In e-commerce design the obvious goal is conversion. Such a simple concept, yet so many retailers fail to provide consumers with an easy checkout process.
Ideally, you will want a short and clear method of purchase. The shortest and easiest path to entry of payment information will yield higher conversions. Having too many steps to finish at checkout only gives the consumer more chances to navigate away.
The best solution is single page checkout. This allows the customer to review the cart and enter information, and then confirm the purchase.
3. Registration or account requirement.
Making the sale is obviously more important then data collection in e-commerce design. Offer to save or create the account after the purchase. All the information has already been entered and you can entice them to register by indication order tracking and other options are available when you register. The consumer will be less resistant since the order is complete, the information is already entered, and there is now a perceived value.
4. Shipping information.
Not understanding how much shipping is going to cost can be a huge deterrent. You might have found that the product you found for dirt cheap has a $400 shipping charge. Imagine how frustrating that would be to find out when you have to confirm the order.
Too many sites do not show shipping until you are checking out. This withholding of information is not useful at all to anyone.
Give the consumer all the info they need to proceed with the order. Explain shipping rates, have shipping calculators, and show any shipping based deals.
5. Site product searching ability.
Sadly it’s the case that most sites do not provide a useful enough search method.
The use of filters and categories can help the consumer refine their search to their needs. A search that either returns either too much data or data that is irrelevant can be frustrating for the consumer.
Your e-commerce design platform should have a solid search engine. Plugins are also available for many platforms to extend the search capability. Results should be sortable as well. This gives the consumer as many tools to make a decision as they need.
6. Hard to find store policies.
It is helpful for the consumer to know what the shipping, returns, and other rules are for your business. While a lot of this can be covered in an FAQ its still important to be as clear with this as you can.

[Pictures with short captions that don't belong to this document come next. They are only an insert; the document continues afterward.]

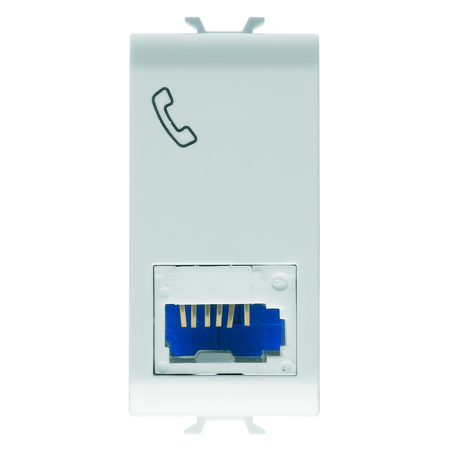 PRIZA TELEFONICA STANDARD BRITANICA - 6 CONTACTE - TERMINALE CU ÎNSURUBARE - 1 MODUL - ALB SATINAT - CHORUSMART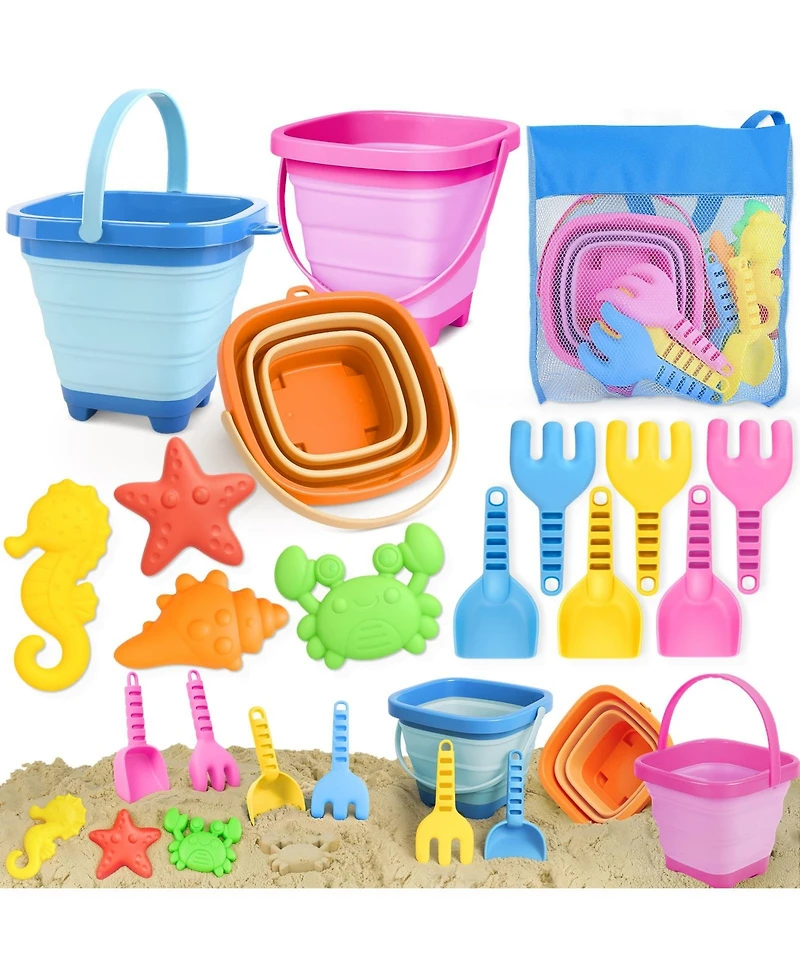 Gnuadz Kids Beach Sand Toys Collapsible Castle Bucket Shovel Mold Set
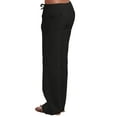 thumbnail image 3 of Hat and Beyond Women's Casual Palazzo Linen Pants Trousers with Lantern Drawstring, 3 of 4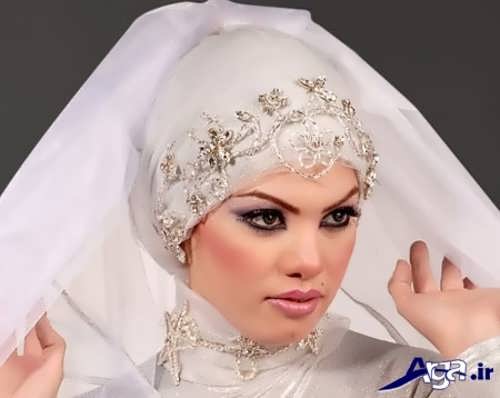 مدل حجاب عروس کار شده 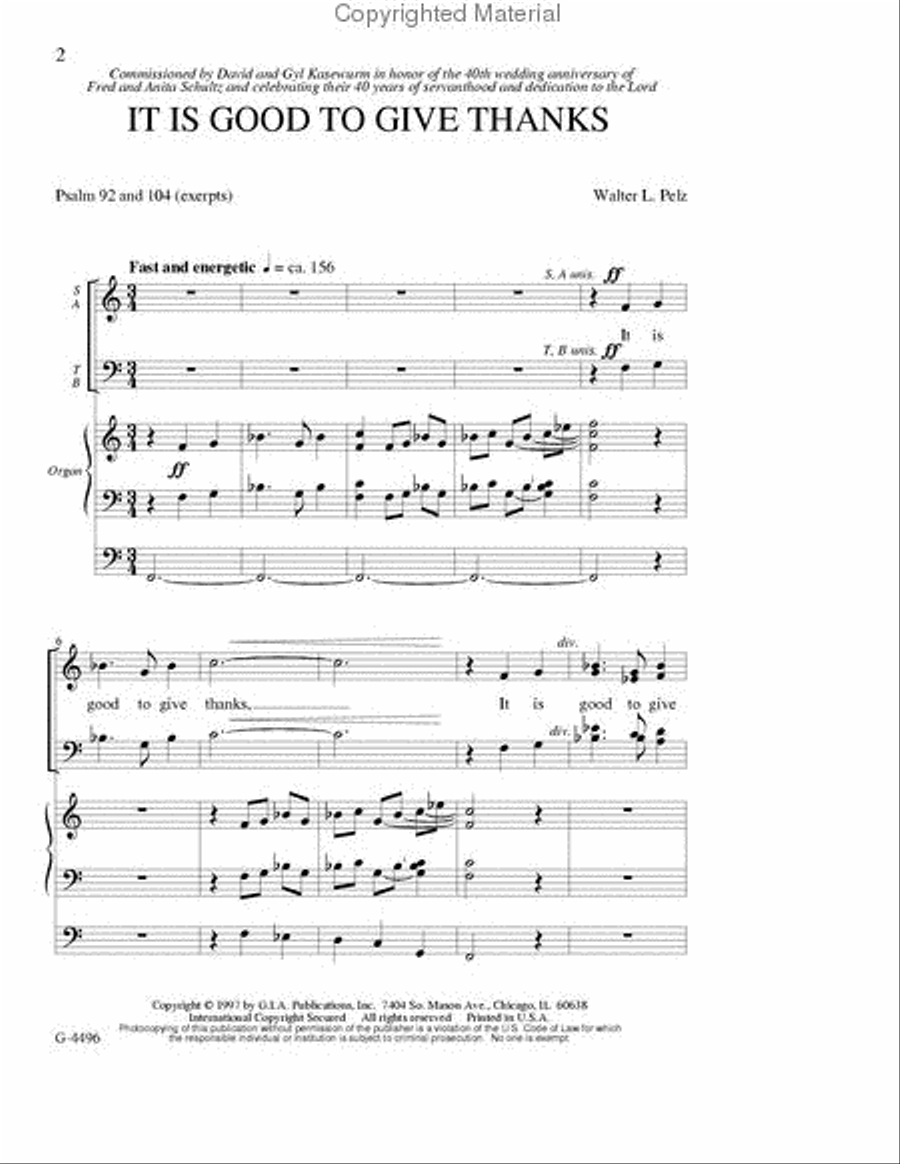 It Is Good to Give Thanks 4-Part scores gallery preview page 2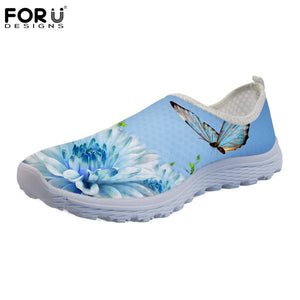 Youwuji Fashion Fashion Women Brand Flats Shoes Floral Style Women's Sneakers Flower Printed Casual Beach Slip-on Mesh Shoes Woman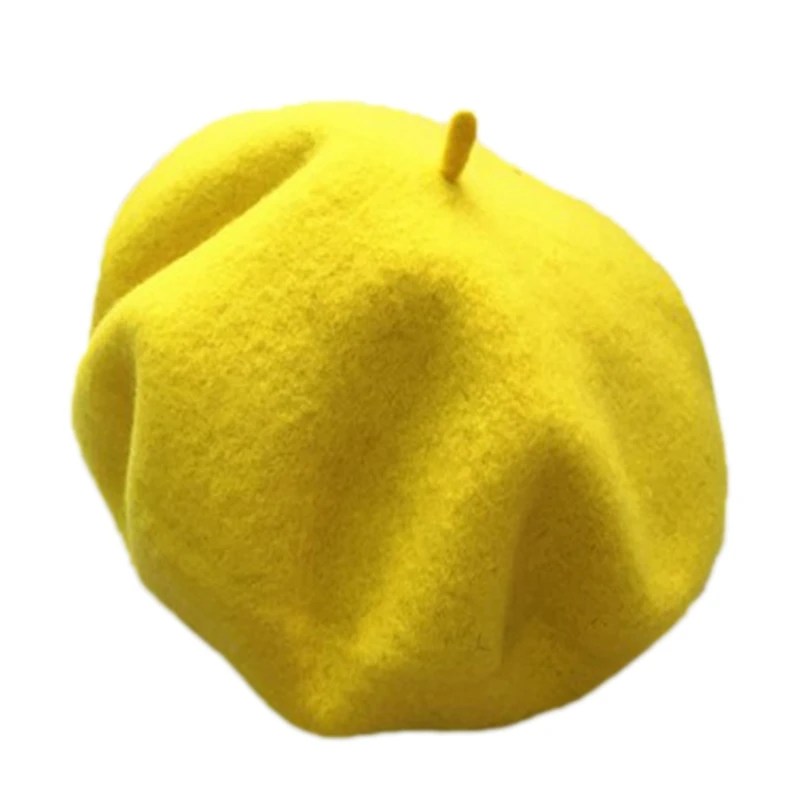 

Women Winter Warm Faux Wool Elastic Beret Hat Simple Solid Color Retro Classic French Artist Painter Elegant Beanie Cap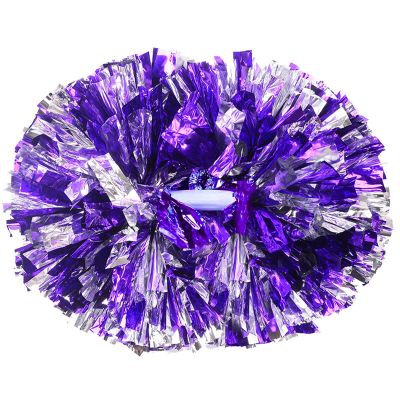 2 Pack Cheerleading Pom Poms with Handle, Metallic Foil Cheer Pom Poms, Cheerleader Pom Poms for Sports Party Dance Team Cheering Squad Spirit Kids Adult, Purple and Silver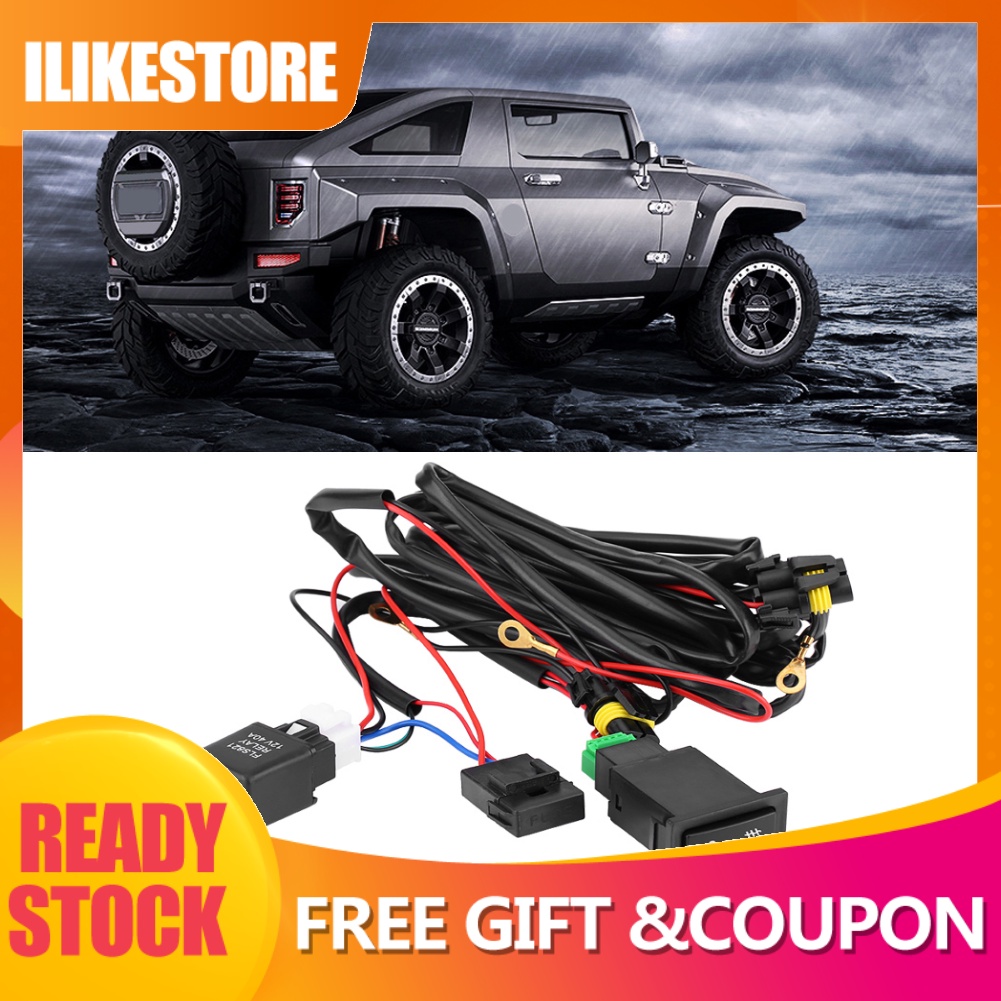 🔥READY🔥12V 40A Car LED Fog Light On/Off Switch Wiring Fuse Relay Kit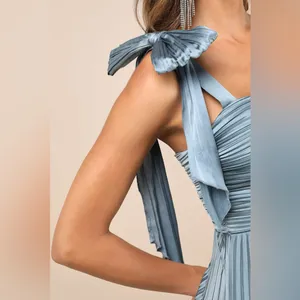 Lulus Gorgeous Purpose Slate Satin Pleated Sleeveless Bow Maxi Dress Size Medium thumbnail 3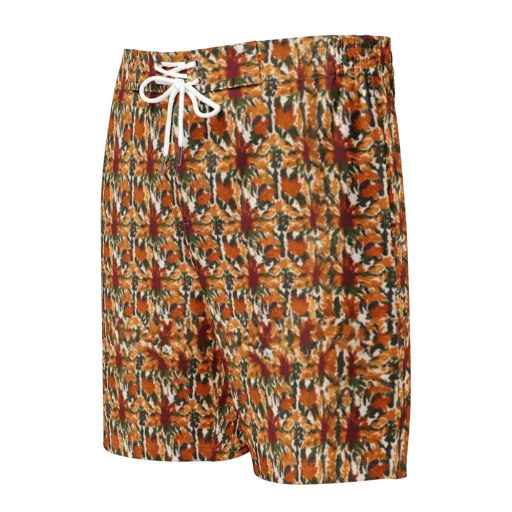 Rust Bloom on a Men's Board Shorts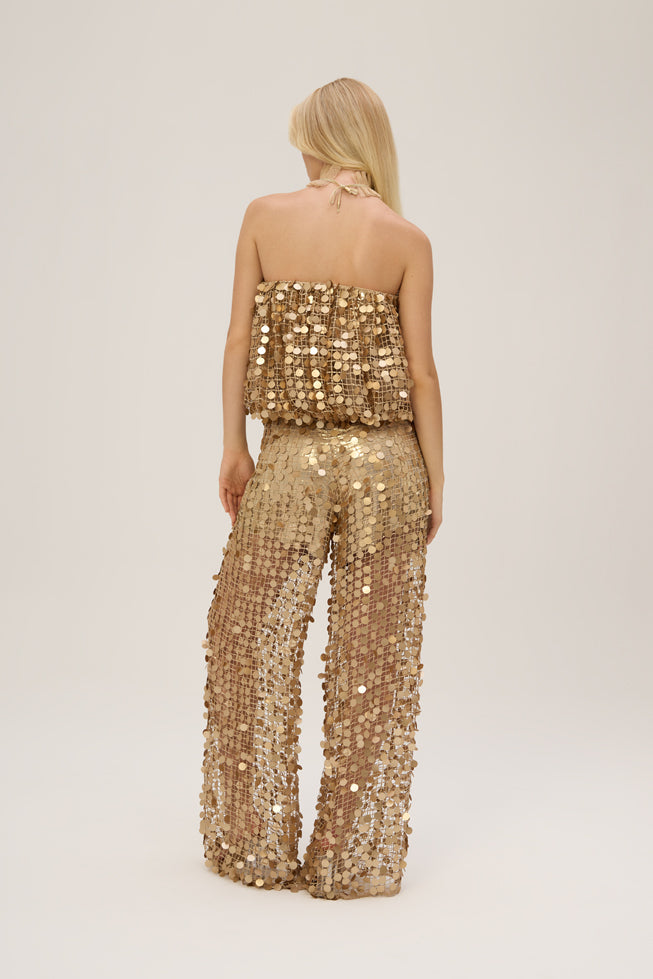 Woman BLISS TOP AND PANTS SET Gold 2002190 | Sana Osmani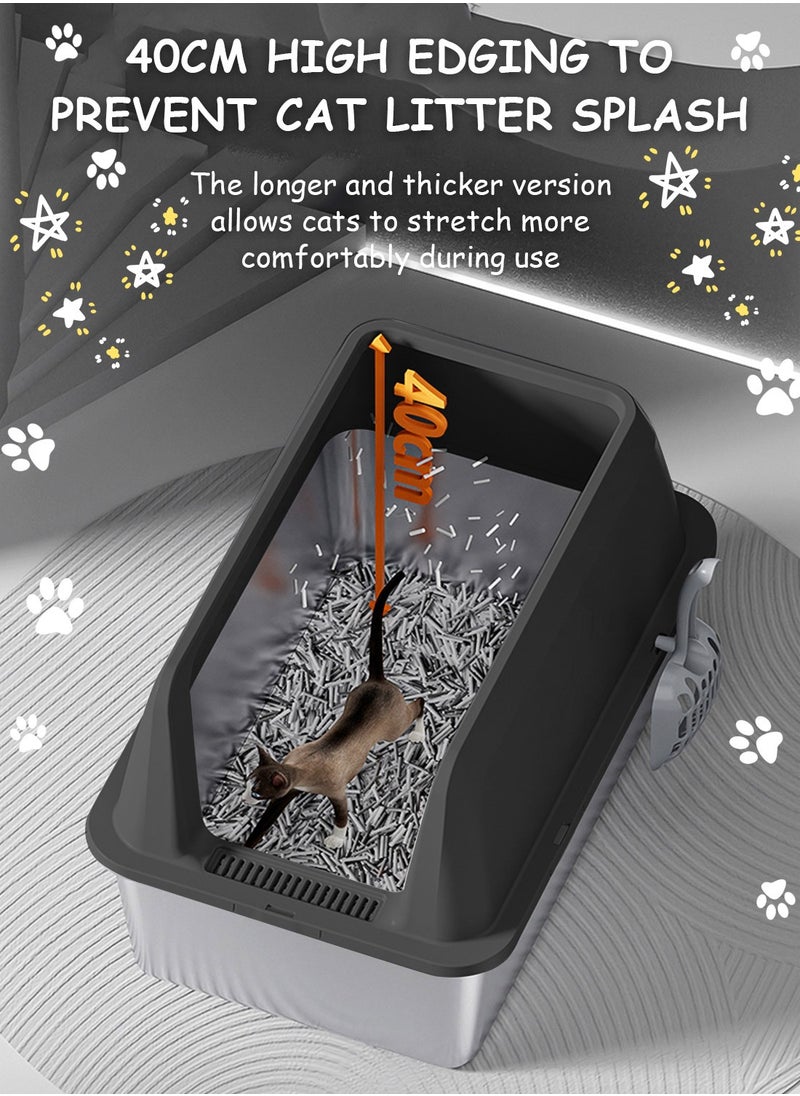 Large Stainless Steel Cat Litter Box with Litter Scoop Cat Toilet Cat Litter Tray High Wall Side Shell Non-Sticky Anti Splashing and Easy Clean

Restating it in another location is a good idea too. Transparency is reassuring to the consumer.
7. Shopping cart layout.
The presentation and features of your cart are vital to the shopping experience. The ability to have multiple items in the cart and manipulate quantities are essential.
The path of progress from adding an item is important too. Ideally you want to have the consumer add the item to the cart and either return them to the last page they were on, or never leave that page to begin with.
Another great idea is to have the items in the cart be links. That way if the customer wants to recheck something they can easily go to the product info.
If you can make a pop-up that covers this, it will keep you customer in the cart and closer to check out.